[Exercise directions]: Write out all of the records below precisely as given, omitting the images.

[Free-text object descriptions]

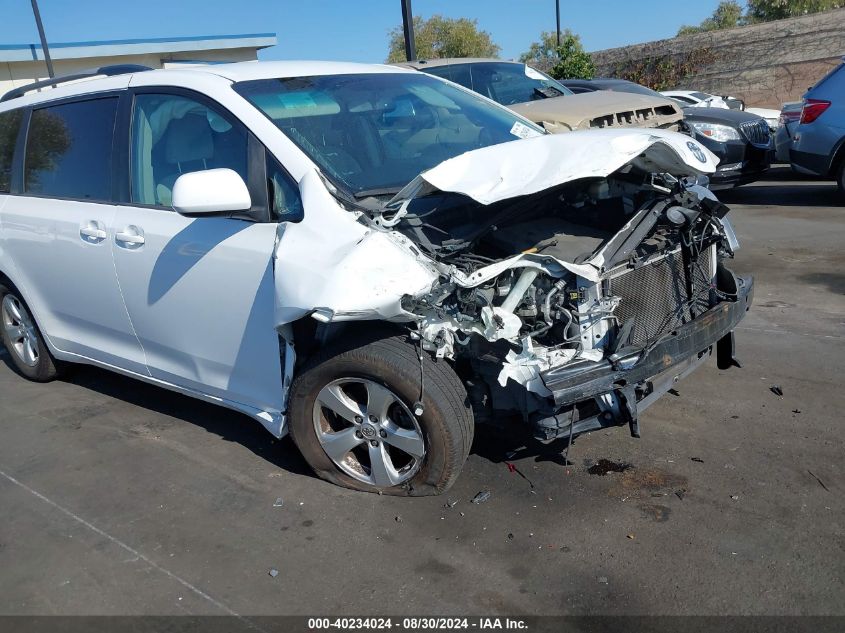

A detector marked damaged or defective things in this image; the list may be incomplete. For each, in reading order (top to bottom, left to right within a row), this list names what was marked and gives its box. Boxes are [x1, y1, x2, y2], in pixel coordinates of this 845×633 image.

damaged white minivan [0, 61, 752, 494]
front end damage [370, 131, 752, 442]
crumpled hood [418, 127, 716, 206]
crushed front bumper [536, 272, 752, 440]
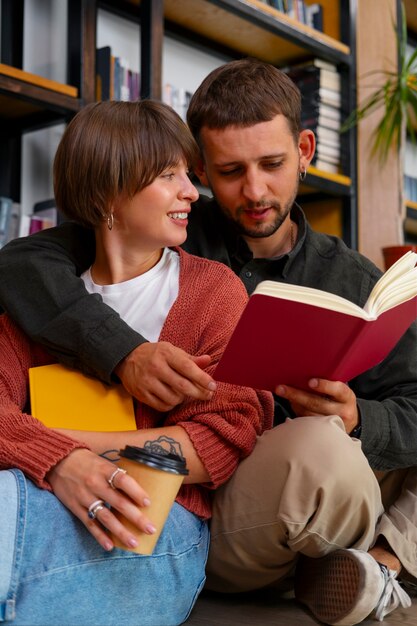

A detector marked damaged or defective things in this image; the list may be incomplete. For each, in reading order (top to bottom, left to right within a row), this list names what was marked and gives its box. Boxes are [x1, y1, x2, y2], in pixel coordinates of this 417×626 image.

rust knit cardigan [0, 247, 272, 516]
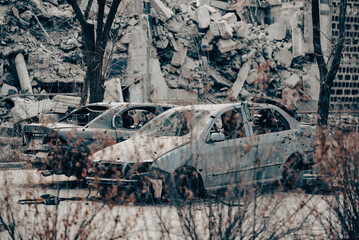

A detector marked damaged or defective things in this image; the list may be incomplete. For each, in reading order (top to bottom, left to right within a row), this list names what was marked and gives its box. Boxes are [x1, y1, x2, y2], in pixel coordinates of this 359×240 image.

[Result]:
A detector marked damaged or defective things in this image; the list may be incomplete. For each, in reading order (top to bottom, left to right within a row), this list names what was marked and gives its box. Boxes are [x1, y1, x2, y2], in pixel coordinates of this 845×633 image.

damaged white minivan [0, 61, 752, 494]
front end damage [370, 131, 752, 442]
crumpled hood [418, 127, 716, 206]
crushed front bumper [536, 272, 752, 440]

A detector marked damaged or defective things in this image; the list may be incomplete. For each, in reading order (top to bottom, left to right within a row), this list names what was marked and gives its box. Boxes are [x1, y1, x2, y2], in pixel coordinates of this 417×626 image.

rust knit cardigan [0, 247, 272, 516]

A detector marked damaged or defective things in this image; the list may be incomplete. For each, in reading order (top to bottom, left to right within a row), this list names what was marked and gives its box. Boxes are [x1, y1, x2, y2], in pixel coordinates of this 359×240 image.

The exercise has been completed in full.